I welcome thoughts on how we could perform automated testing of this
code.  I think at least part of the answer is that I need to press on
toward getting the rest of Amit's parallel sequential scan patch
committed, because then this becomes a user-visible feature and I
expect that to make it much easier to find whatever bugs remain.  A
big part of the difficulty in testing this up until now is that I've
been building towards, hey, we have parallel query.  Until we actually
do, you need to write C code to test this, which raises the bar
considerably.

Now, that does not mean we shouldn't test this in other ways, and of
course I have, and so have Amit and other people from the community -
of late, Noah Misch and Haribabu Kommi have found several bugs through
code inspection and testing, which included some of the same ones that
I was busy finding and fixing using the test code attached to this
thread.  That's one of the reasons why I wanted to press forward with
getting the fixes for those bugs committed. It's just a waste of
everybody's time if we re-finding known bugs for which fixes already
exist.

But the question of how to test this in the buildfarm is a good one,
and I don't have a complete answer.  Once the rest of this goes in,
which I hope will be soon, we can EXPLAIN or EXPLAIN ANALYZE or just
straight up run parallel queries in the regression test suite and see
that they behave as expected.  But I don't expect that to provide
terribly good test coverage.  One idea that I think would provide
*excellent* test coverage is to take the test code included on this
thread and run it on the buildfarm.  The idea of the code is to
basically run the regression test suite with every parallel-eligible
query forced to unnecessarily use parallelism.  Turning that and
running 'make check' found, directly or indirectly, all of these bugs.
Doing that on the whole buildfarm would probably find more.
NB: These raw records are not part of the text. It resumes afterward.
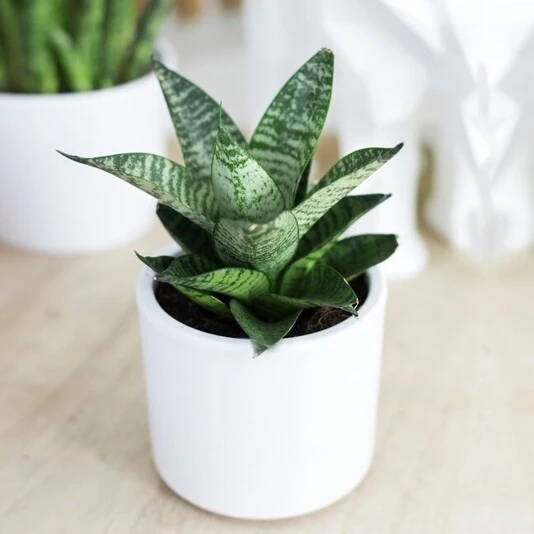 Сансевиерия Старс Хутер Sansevieria Starshooter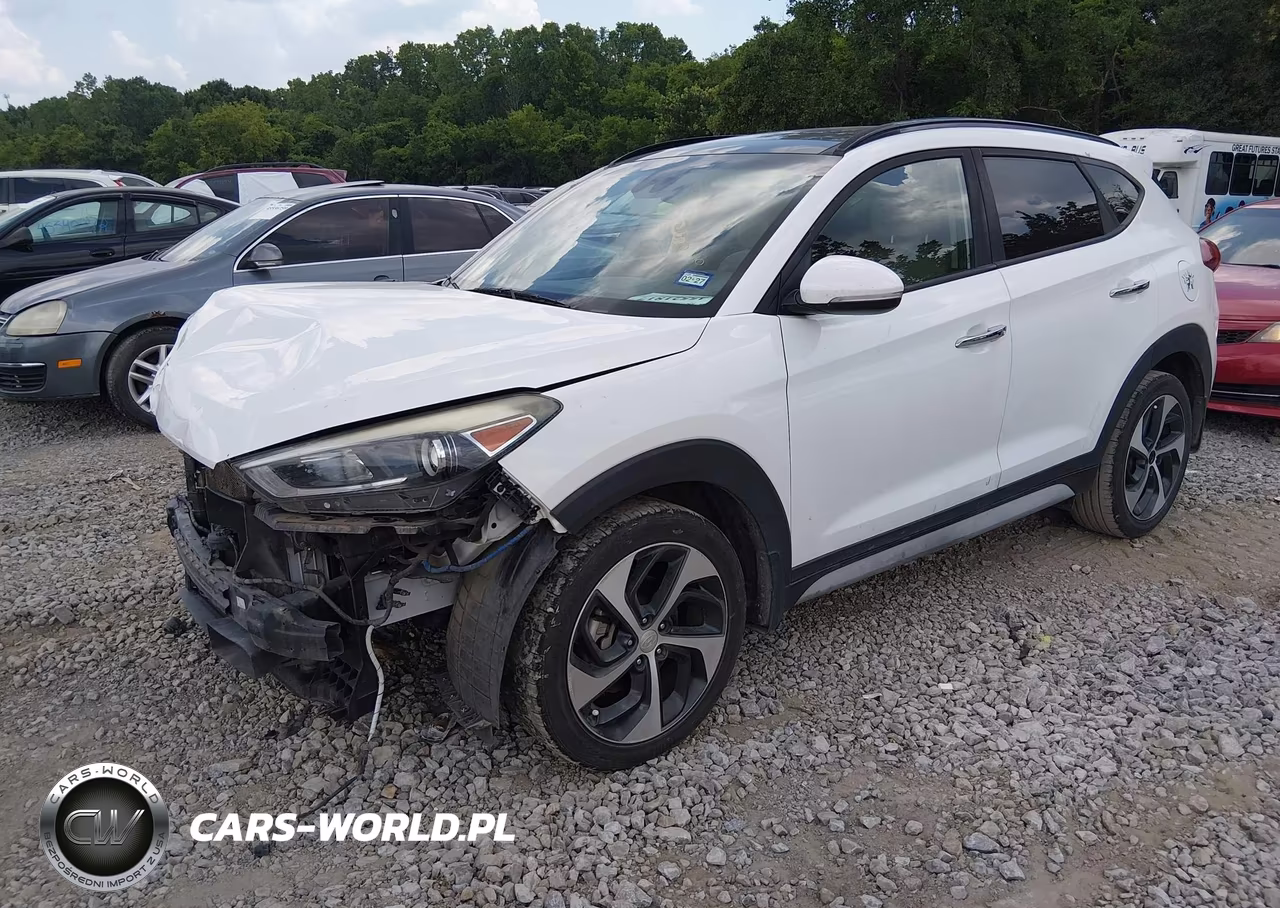 2017 Hyundai Tucson Limited VIN:KM8J33A28HU423776 - 2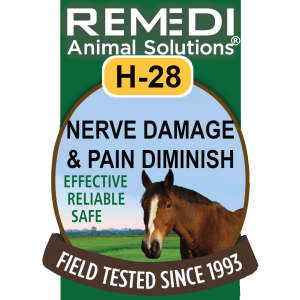 H-28, Nerve Damage & Pain Diminish for Horses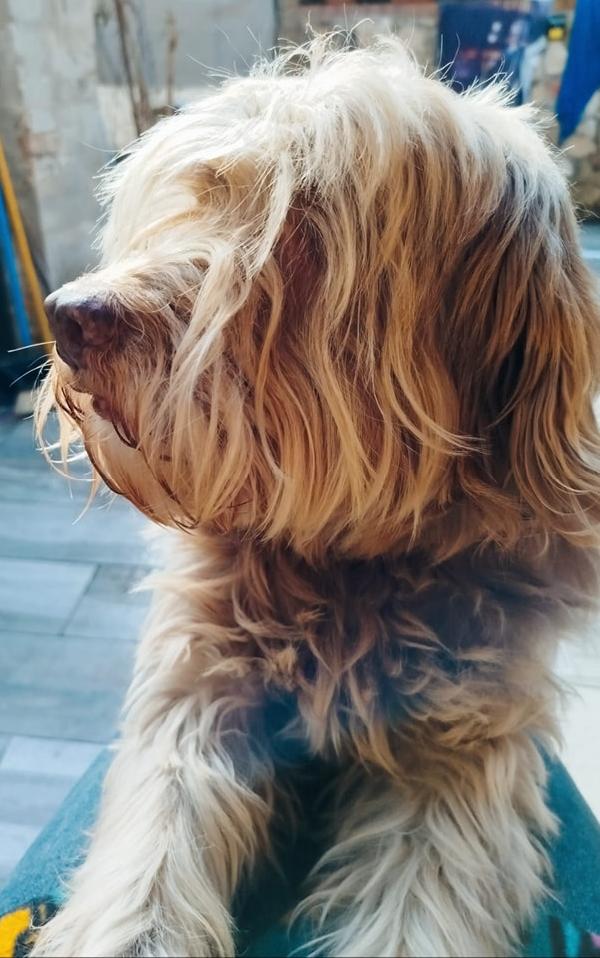 Gigi adozione cane cieco Foto 8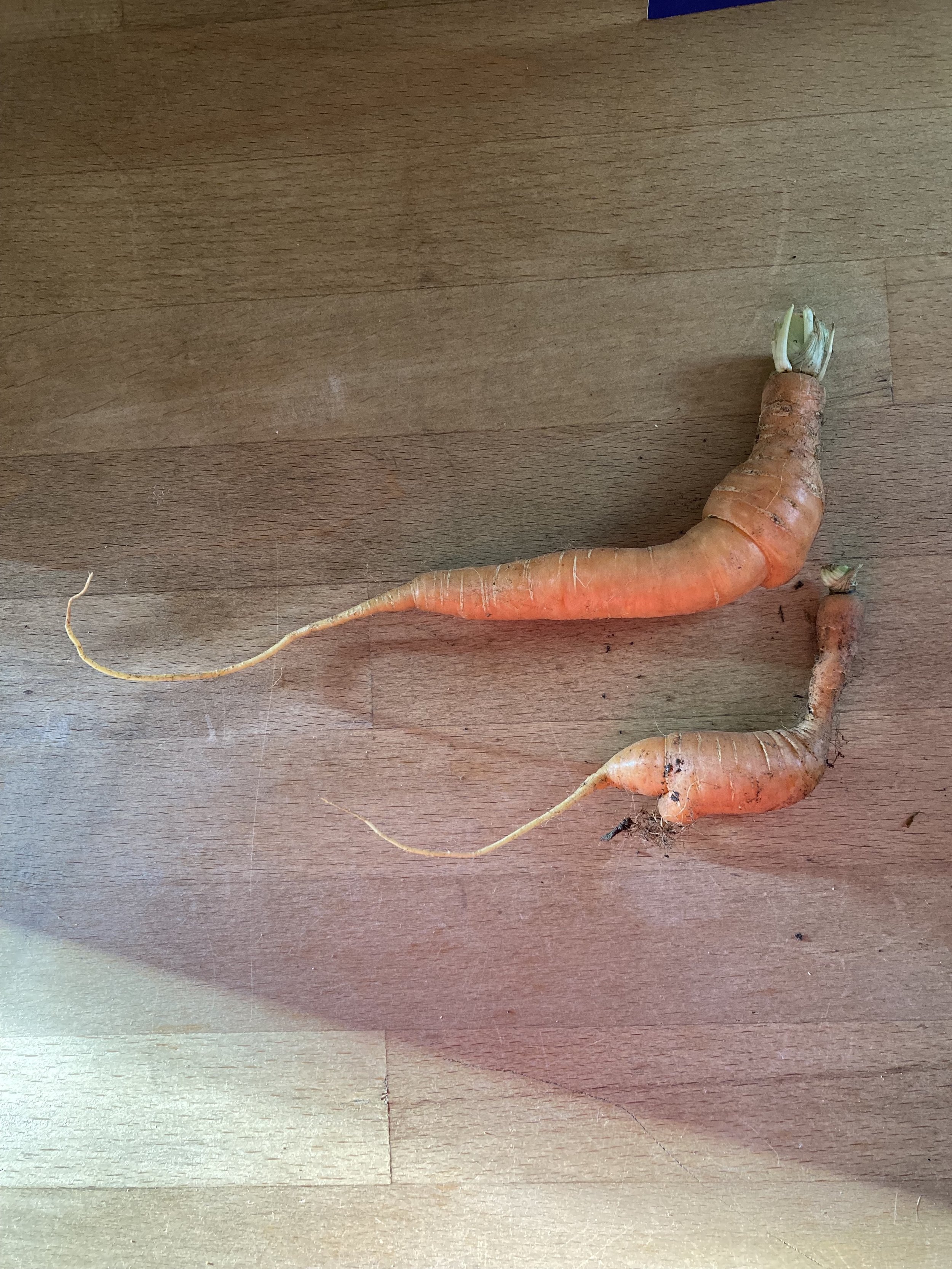 Mother&BabyCarrot.jpg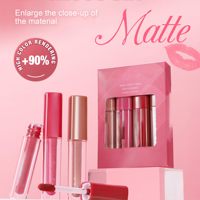 Kit de Rouge à Lèvres, Gloss et Crayon à Lèvres en Gros, Marque Privée, Ensemble de Lèvres Mat Imperméable Longue Durée, Cosmétiques pour les Lèvres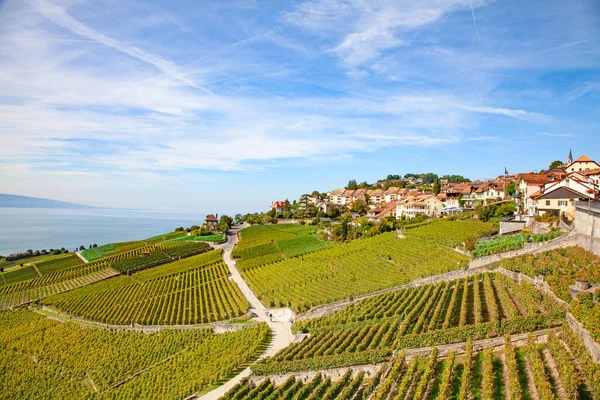 Vinodlingar Lavaux Regionen Över Sjön Leman Genèvesjön — Stockfoto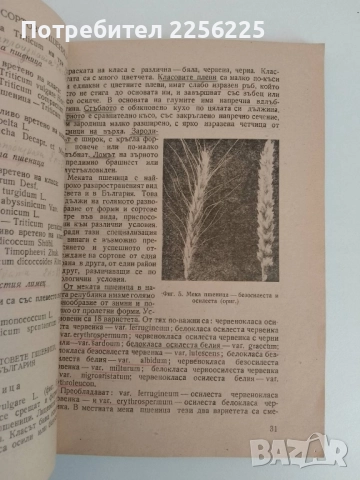 Пшеница, снимка 5 - Специализирана литература - 51520173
However, I'm pretty sure that we don't want to switch the *entire*
buildfarm to using lots of unnecessary parallelism.  What we might be
able to do is have some critters that people spin up for this precise
purpose.  Just like we currently have CLOBBER_CACHE_ALWAYS buildfarm
members, we could have GRATUITOUSLY_PARALLEL buildfarm members.  If
Andrew is willing to add buildfarm support for that option and a few
people are willing to run critters in that mode, I will be happy -
more than happy, really - to put the test code into committable form,
guarded by a #define, and away we go.

Of course, other ideas for testing are also welcome.

> I've tried to review the Gather node commit and I note that the commit
> message contains a longer description of the functionality in that patch
> than any comments in the patch as a whole. No design comments, no README, no
> file header comments. For such a major feature that isn't acceptable - I
> would reject a patch from others on that basis alone (and have done so). We
> must keep the level of comments high if we are to encourage wider
> participation in the project.

It's good to have your perspective on how this can be improved, and
I'm definitely willing to write more documentation.  Any lack in that
area is probably due to being too close to the subject area, having
spent several years on parallelism in general, and 200+ emails on
parallel sequential scan in particular.  Your point about the lack of
a good header file comment for execParallel.c is a good one, and I'll
rectify that next week.

It's worth noting, though, that the executor files in general don't
contain great gobs of comments, and the executor README even has this
vintage 2001 comment:

XXX a great deal more documentation needs to be written here...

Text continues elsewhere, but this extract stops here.